Reactions: Like 1 | Thanks 1


----------



## Yiannaki (19/7/17)

TheGrandMaster said:


> *Vanilla Almond Milkshake *
> 
> Yoga means to yoke or bind and is often interpreted as "union".
> 
> ...


Wow! Thanks for the review Sir!

Beautifully written and tied into the theme of our brand.

Im happy you enjoyed our juice 


Sent from my SM-G935F using Tapatalk

Reactions: Like 2


----------



## rogue zombie (19/7/17)

*YOGA E-Liquids - Vanilla Almond Milkshake (3mg)*





*Bottom line* - A stunning double thick Vanilla, Nutty Milkshake. Bold in a subtle way (I know that's a Paradoxical statement). Highly recommended.

*Website Blurb:* "A craft style vanilla, milkshake, infused with Almond Syrup, a marriage of creams topped off with shavings of Roasted Almonds." 

*Packaging:*

Perfect. Comes completely wrapped. Nice brand logos and colours.
It is the long-type bottles, as you can see above, so I am just adding this portion to come off as a "fancy-pants" reviewer.

*Equipment used:*

REO Grand/ OL16 - 0.4ohm Dual Kanthal compact coils 1.5mm ID, which works out to around 25 to 30 Watts.
Griffin 22mm - 0.4ohm Dual Kanthal compact coils 2.5mm ID which I vape between 27 to 30 Watts.
Kanthal still seems to be the only metal I get along with. 

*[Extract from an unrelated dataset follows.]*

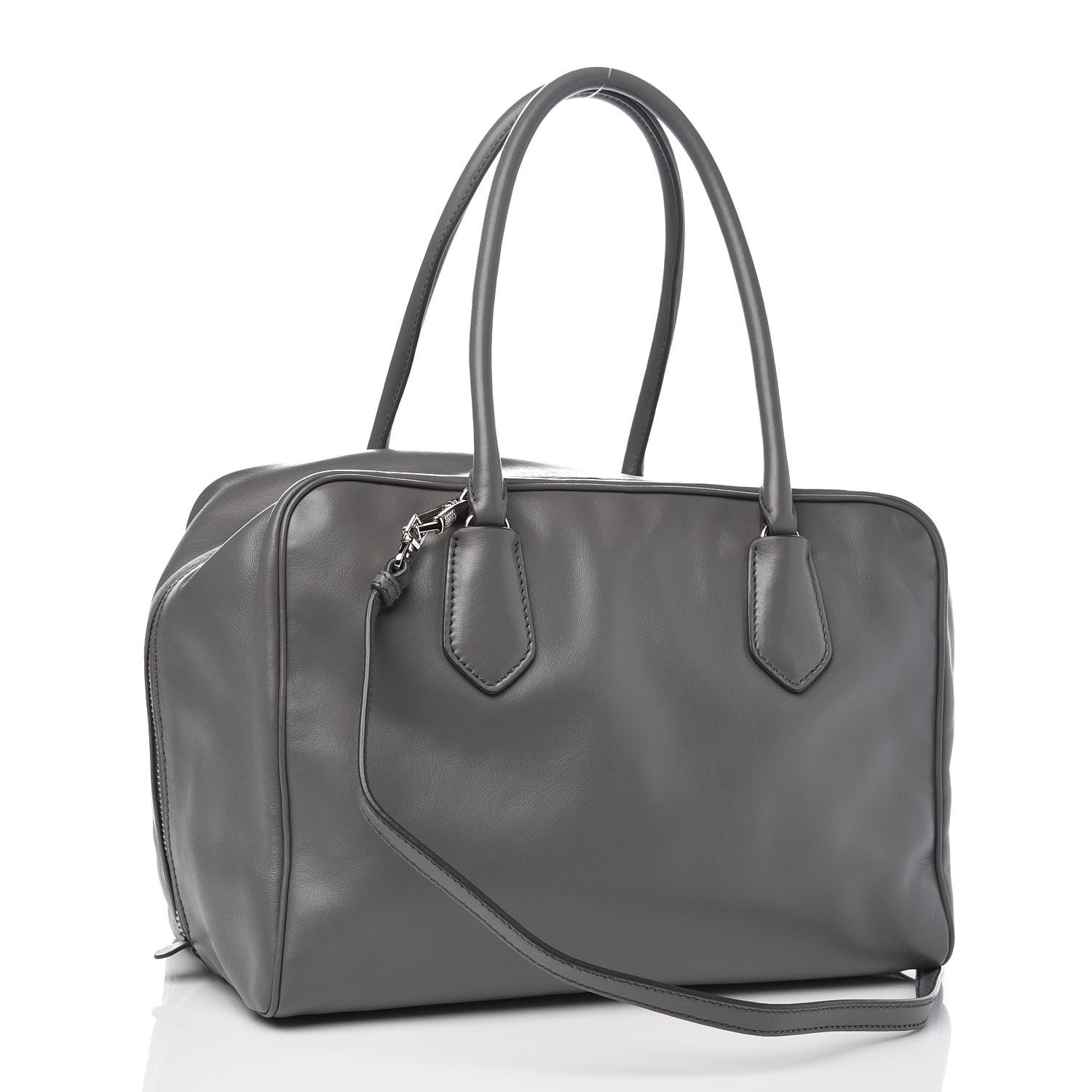 Prada Soft Calf Large Inside Tote Marmo Salvia 3 of 8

Wick in both is Cotton Bacon.

*My Impressions
*
I'm about as Zen as a Freight Train, so I cannot comment on the brand's theme which pars with their juice . Do I enjoy it?, for sure. When I shove anything very tasty in my mouth, I am definitely happy with the world for that moment.

Why I'm really impressed with this juice - besides the fact that it's delicious, it manages to be extremely creamy without the Vanilla and Nuts getting lost. This is usually what happens, as a DIY'er, when I try make thick, creamy stuff - it is a mission to not either lose the subtle flavour pairings, or it becomes too rich when you add too much of the pairing flavours.

Which brings me to my opening statement - this is a bold juice, as in it gives you a proper taste of each of the flavours that the maker claims (vanilla, creams and nuts), without being too sweet, too nutty, too creamy or too rich. It is an extremely well-balanced marriage of all the flavours. 

I get full-on double thick Vanilla milkshake on the inhale. Nice, full-mouth feel of creams. Not too rich (surprisingly), and I don't even need to crank up the power on the mod or use ultra-badass coils to get the flavour. Its all there on my "lightweight" set-up.

As the flavour settles, I get the nice sweetish nutty Almond taste on the exhale. I got to try this juice while it was being developed, a while ago, and then it was more nutty than the final product (as far as I can tell). I still really liked it that way, but I think if you weren't the biggest fan of nuts, it would not have been to your liking. The final product, I don't see offending those who aren't big nut fans. The nutty flavour is there, but definitely not too much. Its a milkshake through and through - not nuts with creams.

So overall I believe this is a real winner, and should do very well. It tastes as described by the maker, on point... and it's delicious. 

It is light enough to be an ADV, but the flavours still shine through even on mild set-ups. 

Great job Yoga and I wish you all the best going forward!

Reactions: Like 4 | Agree 1 | Winner 3


----------



## Yiannaki (19/7/17)

rogue zombie said:


> *YOGA E-Liquids - Vanilla Almond Milkshake (3mg)*
> 
> View attachment 101687
> 
> ...



Excellent review @rogue zombie ! 

I am flattered that you have enjoyed the juice and i appreciate the compliments from the technical level as well!

Also, well spotted on this flavour being less forward on the nut profile 

Awesome, detailed review and thank you!

Reactions: Like 1


----------